When you reach the line in the listing below that contains "Coleman High-Pressure Propane", begin returning lines exactly as written, and stop after the line that contains "#LTKStyleTip". Return no other lines.
------------------------------
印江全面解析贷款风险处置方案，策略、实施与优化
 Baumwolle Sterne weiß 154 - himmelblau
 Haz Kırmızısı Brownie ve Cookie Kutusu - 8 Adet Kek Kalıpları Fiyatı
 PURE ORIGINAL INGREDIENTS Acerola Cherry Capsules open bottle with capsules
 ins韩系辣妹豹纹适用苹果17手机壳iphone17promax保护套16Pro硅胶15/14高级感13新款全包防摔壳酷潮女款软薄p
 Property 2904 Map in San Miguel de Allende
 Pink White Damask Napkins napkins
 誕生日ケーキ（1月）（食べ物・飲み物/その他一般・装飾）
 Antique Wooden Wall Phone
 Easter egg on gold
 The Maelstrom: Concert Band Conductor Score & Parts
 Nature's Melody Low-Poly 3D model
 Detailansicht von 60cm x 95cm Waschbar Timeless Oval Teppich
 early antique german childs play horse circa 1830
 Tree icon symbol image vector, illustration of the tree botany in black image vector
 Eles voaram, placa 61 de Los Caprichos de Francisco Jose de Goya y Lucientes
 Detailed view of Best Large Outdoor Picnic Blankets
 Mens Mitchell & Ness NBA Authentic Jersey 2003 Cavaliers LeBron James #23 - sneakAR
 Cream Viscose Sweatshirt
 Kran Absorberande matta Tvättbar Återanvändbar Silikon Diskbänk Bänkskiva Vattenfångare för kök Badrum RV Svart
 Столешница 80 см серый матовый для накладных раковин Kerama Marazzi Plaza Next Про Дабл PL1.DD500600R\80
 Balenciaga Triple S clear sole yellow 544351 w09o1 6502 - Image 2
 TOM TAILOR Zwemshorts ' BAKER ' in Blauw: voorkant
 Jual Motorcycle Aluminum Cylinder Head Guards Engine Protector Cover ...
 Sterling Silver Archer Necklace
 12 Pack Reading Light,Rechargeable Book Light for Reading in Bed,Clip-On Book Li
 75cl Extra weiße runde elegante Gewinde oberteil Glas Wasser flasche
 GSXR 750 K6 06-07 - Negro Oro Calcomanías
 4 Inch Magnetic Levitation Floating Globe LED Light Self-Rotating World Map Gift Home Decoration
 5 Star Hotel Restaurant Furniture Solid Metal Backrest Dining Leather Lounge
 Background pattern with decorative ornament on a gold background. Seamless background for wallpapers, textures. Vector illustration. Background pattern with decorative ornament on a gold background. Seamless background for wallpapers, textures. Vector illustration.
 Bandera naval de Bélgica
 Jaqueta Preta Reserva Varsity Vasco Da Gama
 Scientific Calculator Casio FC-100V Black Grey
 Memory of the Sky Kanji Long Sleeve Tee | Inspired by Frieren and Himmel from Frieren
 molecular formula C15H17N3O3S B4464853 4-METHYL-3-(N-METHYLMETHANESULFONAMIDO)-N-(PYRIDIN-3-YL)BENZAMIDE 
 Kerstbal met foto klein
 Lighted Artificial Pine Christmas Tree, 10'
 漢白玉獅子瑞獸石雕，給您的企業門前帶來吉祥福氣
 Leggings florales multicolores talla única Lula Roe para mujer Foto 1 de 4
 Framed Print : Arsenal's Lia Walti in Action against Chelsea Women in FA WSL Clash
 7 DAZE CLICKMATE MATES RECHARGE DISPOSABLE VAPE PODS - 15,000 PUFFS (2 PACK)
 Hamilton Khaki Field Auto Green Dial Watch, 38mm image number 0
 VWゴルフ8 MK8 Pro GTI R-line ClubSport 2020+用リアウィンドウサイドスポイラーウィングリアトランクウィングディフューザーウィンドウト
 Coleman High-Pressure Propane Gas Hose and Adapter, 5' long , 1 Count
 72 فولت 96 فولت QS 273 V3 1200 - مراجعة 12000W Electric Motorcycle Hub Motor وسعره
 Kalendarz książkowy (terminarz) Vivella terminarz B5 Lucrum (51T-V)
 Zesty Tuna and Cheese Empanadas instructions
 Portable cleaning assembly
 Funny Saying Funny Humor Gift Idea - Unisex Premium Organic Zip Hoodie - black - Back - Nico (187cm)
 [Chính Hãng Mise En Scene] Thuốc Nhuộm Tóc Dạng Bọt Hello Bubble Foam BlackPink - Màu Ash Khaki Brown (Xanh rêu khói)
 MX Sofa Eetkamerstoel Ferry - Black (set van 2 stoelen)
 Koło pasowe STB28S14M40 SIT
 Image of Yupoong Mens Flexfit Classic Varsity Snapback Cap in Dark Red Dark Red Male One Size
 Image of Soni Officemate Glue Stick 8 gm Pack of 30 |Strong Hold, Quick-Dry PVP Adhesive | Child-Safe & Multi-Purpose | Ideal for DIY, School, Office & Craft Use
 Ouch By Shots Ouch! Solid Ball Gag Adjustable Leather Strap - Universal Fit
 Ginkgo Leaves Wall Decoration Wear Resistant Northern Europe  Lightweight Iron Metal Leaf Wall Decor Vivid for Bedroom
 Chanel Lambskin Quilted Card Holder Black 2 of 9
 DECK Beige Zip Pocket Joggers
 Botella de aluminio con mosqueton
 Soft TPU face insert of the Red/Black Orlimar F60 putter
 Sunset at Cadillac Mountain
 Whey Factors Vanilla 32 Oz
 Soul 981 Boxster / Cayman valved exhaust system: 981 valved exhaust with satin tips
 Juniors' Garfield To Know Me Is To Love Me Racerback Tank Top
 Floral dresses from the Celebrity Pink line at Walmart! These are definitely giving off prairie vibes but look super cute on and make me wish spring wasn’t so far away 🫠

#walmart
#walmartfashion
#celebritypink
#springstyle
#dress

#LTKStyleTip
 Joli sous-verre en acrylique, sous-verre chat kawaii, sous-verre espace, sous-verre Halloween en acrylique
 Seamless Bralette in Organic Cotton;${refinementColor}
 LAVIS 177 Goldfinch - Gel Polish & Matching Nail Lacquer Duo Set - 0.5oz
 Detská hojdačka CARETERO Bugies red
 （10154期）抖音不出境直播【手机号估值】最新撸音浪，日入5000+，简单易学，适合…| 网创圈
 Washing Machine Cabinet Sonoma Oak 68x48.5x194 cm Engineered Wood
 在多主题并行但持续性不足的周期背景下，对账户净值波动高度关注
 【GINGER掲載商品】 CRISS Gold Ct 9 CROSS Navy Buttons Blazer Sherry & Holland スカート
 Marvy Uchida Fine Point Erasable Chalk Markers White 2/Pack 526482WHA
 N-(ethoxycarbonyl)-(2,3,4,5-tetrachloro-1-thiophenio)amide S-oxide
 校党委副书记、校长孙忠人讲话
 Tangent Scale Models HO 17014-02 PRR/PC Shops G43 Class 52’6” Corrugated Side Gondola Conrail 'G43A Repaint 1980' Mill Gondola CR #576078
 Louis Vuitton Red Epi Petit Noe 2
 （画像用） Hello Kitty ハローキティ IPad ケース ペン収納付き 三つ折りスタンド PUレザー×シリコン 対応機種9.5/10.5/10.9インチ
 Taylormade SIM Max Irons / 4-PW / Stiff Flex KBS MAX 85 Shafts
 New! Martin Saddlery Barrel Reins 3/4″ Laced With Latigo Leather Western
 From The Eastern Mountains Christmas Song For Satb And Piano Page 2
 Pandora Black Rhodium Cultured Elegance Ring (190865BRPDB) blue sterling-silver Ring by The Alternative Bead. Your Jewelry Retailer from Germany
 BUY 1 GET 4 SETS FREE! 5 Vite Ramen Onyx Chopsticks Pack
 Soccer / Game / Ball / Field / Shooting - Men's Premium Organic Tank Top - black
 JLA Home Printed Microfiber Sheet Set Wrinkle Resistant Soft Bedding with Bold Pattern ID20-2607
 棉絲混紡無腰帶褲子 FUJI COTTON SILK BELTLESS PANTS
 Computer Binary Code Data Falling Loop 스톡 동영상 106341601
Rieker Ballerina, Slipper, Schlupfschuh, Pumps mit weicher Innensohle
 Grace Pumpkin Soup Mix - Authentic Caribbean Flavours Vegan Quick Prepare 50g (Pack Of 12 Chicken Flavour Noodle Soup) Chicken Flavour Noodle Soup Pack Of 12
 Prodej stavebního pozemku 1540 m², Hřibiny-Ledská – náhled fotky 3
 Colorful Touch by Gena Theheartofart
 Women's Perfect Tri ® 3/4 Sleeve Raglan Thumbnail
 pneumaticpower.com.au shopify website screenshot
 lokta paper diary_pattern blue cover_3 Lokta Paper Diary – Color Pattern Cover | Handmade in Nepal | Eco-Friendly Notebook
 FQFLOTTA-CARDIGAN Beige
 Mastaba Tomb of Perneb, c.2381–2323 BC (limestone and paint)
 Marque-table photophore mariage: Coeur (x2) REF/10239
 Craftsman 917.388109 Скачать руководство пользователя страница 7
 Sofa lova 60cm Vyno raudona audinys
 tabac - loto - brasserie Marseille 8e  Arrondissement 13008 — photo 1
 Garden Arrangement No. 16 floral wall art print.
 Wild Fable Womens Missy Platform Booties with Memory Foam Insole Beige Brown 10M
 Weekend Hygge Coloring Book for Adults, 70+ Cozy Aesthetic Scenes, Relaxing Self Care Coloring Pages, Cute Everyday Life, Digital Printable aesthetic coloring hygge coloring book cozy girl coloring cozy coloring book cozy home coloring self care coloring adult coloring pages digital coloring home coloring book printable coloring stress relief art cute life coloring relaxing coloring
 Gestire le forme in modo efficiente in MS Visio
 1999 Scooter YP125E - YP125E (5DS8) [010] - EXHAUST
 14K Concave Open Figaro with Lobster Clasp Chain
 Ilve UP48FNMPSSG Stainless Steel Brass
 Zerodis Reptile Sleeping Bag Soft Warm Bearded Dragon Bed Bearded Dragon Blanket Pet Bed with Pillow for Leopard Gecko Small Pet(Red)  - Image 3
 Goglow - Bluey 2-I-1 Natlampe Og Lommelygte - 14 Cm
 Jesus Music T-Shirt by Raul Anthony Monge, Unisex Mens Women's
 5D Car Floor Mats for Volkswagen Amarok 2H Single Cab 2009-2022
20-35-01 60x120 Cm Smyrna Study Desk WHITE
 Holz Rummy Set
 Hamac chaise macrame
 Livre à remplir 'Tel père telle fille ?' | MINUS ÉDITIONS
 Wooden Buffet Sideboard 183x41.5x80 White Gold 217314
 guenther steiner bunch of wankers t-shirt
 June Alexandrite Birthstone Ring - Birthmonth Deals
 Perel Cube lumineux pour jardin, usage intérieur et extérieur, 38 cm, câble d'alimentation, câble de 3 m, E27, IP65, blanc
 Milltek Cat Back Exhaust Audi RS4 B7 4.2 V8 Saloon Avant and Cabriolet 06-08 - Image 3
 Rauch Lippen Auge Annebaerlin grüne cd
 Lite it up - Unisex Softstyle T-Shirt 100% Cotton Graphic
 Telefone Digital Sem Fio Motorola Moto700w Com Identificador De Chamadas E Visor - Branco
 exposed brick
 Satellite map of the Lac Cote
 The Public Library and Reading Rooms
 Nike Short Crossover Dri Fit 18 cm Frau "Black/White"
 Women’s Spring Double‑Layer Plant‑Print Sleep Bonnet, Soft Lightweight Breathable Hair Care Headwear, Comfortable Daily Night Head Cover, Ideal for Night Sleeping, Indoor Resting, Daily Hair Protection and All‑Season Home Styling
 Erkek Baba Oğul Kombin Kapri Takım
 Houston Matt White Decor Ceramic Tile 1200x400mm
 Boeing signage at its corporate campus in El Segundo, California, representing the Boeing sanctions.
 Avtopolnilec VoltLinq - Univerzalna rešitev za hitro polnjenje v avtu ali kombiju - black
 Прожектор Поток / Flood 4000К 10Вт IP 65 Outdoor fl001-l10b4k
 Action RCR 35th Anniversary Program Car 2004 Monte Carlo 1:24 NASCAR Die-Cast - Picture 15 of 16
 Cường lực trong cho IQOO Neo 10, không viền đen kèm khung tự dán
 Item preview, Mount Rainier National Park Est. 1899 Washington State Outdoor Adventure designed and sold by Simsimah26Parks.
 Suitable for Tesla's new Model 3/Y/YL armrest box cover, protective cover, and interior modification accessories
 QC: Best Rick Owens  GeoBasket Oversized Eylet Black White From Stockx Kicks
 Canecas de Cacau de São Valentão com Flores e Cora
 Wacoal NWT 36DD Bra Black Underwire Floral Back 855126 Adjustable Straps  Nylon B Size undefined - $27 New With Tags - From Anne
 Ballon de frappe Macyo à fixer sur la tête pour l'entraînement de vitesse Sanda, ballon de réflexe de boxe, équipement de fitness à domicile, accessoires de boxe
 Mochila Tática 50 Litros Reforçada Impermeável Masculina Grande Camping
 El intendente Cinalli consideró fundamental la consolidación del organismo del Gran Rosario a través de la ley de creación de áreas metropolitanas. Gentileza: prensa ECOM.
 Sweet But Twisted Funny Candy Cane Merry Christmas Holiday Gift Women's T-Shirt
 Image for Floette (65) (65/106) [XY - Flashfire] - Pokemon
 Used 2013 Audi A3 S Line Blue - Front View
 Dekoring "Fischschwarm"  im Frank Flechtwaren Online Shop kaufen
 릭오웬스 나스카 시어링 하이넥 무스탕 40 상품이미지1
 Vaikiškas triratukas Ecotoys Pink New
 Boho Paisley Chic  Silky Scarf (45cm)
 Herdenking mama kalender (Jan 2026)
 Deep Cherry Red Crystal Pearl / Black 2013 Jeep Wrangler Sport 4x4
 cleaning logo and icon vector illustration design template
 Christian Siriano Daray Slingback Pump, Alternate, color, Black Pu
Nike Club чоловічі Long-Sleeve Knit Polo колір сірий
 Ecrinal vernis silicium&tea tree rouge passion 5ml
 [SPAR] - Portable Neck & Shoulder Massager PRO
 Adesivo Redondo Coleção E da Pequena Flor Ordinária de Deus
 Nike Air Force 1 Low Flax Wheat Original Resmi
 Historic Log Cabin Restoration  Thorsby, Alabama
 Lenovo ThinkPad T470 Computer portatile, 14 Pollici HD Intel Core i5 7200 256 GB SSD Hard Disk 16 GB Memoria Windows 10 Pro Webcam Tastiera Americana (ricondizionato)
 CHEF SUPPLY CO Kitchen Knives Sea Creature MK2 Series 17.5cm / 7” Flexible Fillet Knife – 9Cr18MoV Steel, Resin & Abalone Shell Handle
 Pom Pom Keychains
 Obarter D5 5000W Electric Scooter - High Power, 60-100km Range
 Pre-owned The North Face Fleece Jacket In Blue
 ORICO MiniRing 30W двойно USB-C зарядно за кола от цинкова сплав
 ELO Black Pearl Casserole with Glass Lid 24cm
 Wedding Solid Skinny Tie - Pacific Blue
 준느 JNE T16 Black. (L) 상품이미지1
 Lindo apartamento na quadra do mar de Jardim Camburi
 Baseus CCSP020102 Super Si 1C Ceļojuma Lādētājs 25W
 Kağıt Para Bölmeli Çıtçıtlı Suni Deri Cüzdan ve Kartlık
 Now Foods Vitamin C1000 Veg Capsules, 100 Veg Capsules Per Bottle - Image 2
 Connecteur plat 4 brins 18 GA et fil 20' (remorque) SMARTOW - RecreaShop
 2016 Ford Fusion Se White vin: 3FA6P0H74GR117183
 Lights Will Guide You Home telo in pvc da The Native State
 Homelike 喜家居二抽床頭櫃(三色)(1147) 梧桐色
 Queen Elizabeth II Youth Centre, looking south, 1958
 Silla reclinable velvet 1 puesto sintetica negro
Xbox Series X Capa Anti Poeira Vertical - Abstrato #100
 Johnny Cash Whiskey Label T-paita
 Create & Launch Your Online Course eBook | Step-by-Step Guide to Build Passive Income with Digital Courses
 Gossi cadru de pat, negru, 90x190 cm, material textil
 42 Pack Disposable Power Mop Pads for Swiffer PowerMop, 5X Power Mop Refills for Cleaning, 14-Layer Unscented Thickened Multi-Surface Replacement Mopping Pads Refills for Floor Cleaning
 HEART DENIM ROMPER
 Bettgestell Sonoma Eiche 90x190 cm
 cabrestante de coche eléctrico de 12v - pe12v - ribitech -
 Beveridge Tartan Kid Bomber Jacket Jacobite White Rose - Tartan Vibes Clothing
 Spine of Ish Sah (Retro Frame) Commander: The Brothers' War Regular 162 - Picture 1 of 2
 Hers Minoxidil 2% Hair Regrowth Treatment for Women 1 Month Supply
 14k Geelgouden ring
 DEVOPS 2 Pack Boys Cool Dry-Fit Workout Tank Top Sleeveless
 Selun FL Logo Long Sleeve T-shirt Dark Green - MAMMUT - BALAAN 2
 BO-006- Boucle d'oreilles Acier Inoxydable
------------------------------
▶ _WRITTEN REPLY_:
 Coleman High-Pressure Propane Gas Hose and Adapter, 5' long , 1 Count
 72 فولت 96 فولت QS 273 V3 1200 - مراجعة 12000W Electric Motorcycle Hub Motor وسعره
 Kalendarz książkowy (terminarz) Vivella terminarz B5 Lucrum (51T-V)
 Zesty Tuna and Cheese Empanadas instructions
 Portable cleaning assembly
 Funny Saying Funny Humor Gift Idea - Unisex Premium Organic Zip Hoodie - black - Back - Nico (187cm)
 [Chính Hãng Mise En Scene] Thuốc Nhuộm Tóc Dạng Bọt Hello Bubble Foam BlackPink - Màu Ash Khaki Brown (Xanh rêu khói)
 MX Sofa Eetkamerstoel Ferry - Black (set van 2 stoelen)
 Koło pasowe STB28S14M40 SIT
 Image of Yupoong Mens Flexfit Classic Varsity Snapback Cap in Dark Red Dark Red Male One Size
 Image of Soni Officemate Glue Stick 8 gm Pack of 30 |Strong Hold, Quick-Dry PVP Adhesive | Child-Safe & Multi-Purpose | Ideal for DIY, School, Office & Craft Use
 Ouch By Shots Ouch! Solid Ball Gag Adjustable Leather Strap - Universal Fit
 Ginkgo Leaves Wall Decoration Wear Resistant Northern Europe  Lightweight Iron Metal Leaf Wall Decor Vivid for Bedroom
 Chanel Lambskin Quilted Card Holder Black 2 of 9
 DECK Beige Zip Pocket Joggers
 Botella de aluminio con mosqueton
 Soft TPU face insert of the Red/Black Orlimar F60 putter
 Sunset at Cadillac Mountain
 Whey Factors Vanilla 32 Oz
 Soul 981 Boxster / Cayman valved exhaust system: 981 valved exhaust with satin tips
 Juniors' Garfield To Know Me Is To Love Me Racerback Tank Top
 Floral dresses from the Celebrity Pink line at Walmart! These are definitely giving off prairie vibes but look super cute on and make me wish spring wasn’t so far away 🫠

#walmart
#walmartfashion
#celebritypink
#springstyle
#dress

#LTKStyleTip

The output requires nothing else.